Setting up my gallery/showroom with giclee's set it in motion faster than it should have. However, doing it and some simple marketing material I needed, quickly exposed loose ends and concept gaps. I ordered a nice 3-fold brochure to use as a concept piece. Have not received it yet and it's already out of step. Doing it was incredibly useful tho. It caused me to curate, make choices on what to use or not!
I realized how Fine Art America plays in this game - FAA is a great platform for prints of paintings collecting dust, sadly forgotten, but still shine when light hits them. We leave a trail of work as we move through different phases......at least I do. Generally, my paintings start selling in the second year. By that time I'm somewhere else.
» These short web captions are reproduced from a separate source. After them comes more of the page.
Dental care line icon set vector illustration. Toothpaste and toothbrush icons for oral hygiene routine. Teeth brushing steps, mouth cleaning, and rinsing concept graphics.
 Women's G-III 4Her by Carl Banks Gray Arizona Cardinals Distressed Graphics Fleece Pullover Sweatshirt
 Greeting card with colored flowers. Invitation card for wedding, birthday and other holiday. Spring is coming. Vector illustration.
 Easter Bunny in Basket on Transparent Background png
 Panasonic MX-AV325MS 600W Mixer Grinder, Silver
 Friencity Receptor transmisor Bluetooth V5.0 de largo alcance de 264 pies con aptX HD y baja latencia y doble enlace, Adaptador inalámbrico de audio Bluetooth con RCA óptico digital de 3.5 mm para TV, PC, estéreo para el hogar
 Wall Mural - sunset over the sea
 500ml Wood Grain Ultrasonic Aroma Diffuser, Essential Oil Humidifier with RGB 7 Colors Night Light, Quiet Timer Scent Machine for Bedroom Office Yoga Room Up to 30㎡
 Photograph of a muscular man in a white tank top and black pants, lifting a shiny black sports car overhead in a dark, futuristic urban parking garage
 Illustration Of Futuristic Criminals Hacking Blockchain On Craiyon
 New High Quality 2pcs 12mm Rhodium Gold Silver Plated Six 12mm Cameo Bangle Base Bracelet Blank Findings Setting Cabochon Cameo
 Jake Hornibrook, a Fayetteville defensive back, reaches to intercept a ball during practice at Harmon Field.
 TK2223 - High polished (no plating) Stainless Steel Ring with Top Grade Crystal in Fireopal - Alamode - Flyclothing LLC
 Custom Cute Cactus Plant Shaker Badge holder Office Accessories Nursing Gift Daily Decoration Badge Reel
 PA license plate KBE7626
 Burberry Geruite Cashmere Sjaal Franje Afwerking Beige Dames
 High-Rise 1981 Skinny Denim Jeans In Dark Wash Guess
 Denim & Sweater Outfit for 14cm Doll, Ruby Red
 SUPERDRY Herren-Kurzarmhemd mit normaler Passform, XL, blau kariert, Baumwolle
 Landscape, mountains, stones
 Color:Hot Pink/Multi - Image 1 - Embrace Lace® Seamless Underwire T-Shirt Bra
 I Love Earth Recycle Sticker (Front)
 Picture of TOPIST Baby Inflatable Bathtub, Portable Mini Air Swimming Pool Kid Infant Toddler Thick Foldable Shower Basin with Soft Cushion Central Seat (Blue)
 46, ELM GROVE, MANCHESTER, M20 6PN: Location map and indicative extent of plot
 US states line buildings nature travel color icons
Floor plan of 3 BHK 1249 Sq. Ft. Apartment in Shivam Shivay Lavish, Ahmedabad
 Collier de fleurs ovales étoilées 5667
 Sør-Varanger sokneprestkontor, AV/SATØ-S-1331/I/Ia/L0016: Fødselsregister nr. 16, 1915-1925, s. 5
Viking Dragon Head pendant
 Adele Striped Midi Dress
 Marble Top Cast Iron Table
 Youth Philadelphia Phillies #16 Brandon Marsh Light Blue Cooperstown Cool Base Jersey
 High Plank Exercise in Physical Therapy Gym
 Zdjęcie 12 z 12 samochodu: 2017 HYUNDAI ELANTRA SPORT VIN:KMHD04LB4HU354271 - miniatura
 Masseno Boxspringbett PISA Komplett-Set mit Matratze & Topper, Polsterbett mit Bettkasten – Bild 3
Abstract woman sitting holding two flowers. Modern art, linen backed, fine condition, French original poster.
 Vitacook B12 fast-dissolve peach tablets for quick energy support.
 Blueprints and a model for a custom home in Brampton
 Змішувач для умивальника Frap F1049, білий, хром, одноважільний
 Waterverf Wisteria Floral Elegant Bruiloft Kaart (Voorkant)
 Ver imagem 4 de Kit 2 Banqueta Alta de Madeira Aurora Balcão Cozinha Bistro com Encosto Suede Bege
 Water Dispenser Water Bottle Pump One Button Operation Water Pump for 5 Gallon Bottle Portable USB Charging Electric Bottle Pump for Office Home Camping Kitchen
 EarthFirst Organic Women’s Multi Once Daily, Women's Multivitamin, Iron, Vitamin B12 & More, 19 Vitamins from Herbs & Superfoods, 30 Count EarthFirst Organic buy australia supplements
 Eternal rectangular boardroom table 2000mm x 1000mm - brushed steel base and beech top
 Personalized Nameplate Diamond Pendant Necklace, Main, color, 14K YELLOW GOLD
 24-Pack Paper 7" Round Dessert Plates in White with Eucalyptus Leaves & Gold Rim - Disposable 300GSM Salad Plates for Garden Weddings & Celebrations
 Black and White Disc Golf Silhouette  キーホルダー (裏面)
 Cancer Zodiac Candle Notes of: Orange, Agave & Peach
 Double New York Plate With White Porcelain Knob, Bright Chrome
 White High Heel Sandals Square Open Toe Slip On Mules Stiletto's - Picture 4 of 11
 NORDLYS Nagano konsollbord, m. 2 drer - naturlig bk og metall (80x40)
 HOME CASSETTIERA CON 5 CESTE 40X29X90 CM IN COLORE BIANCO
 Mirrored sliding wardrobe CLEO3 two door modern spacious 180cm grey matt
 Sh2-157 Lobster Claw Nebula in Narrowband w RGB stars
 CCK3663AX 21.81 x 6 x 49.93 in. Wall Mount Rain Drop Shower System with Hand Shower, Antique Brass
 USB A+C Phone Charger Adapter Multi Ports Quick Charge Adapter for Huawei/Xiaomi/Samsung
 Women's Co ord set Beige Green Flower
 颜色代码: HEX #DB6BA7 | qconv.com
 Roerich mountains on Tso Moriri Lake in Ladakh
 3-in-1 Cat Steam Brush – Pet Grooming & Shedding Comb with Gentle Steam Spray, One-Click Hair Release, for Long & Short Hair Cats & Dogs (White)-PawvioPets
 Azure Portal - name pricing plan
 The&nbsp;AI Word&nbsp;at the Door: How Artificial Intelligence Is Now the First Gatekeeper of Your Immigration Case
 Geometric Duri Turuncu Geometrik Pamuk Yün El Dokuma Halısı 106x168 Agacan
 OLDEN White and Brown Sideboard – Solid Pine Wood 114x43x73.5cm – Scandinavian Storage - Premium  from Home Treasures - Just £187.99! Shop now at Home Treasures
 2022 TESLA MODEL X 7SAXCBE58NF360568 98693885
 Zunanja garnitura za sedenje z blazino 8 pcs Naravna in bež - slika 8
Unless there is some compelling aspect to a painting or its in a gallery, I forget it! I think this is a second chance for those paintings to shine.
The Private Collection Giclee is my baby because its about the cream, the quality, the presentation of originals or Giclee's capable of handling any BEST WALL. One of my main speaking points here and elsewhere is "Paint large and for the best walls". Of course few get the point or the reason to do it in the first place, so better for me because I do:=) Also, nice that there is a slot for anyone who wants to be an artist!
For me it took a lot of paintings to learn how. I started small and mastered each size until I could paint larger than standards 6x6 thru 30x40s. It took 3 years, everyday, before I had anything worthwhile and I'm still working on it.
I would have to paint (24) $500 paintings and a gallery would have to sell (24) to make what selling this one painting below did. It was one effort, one sale and took way less wall space.....I rest my case!
JUST SOLD!
806 Koi & Lily 48x44 oil on linen (3-22-13)
No question its possible to paint (24) 8x10s in the same time but I would still have them and so would the gallery.....they don't really sell any better and take up a lot of wall space trying! No question they have value and certain appeal, but in the end it's just clutter! Generally, people who can afford original art are looking for a special work to hold a special wall, not a montage where the eye has no place to rest.
BTW, I believe that to be the primary goal with the majority of the people who walk into any gallery....excluding artist and perhaps collectors, another moving target!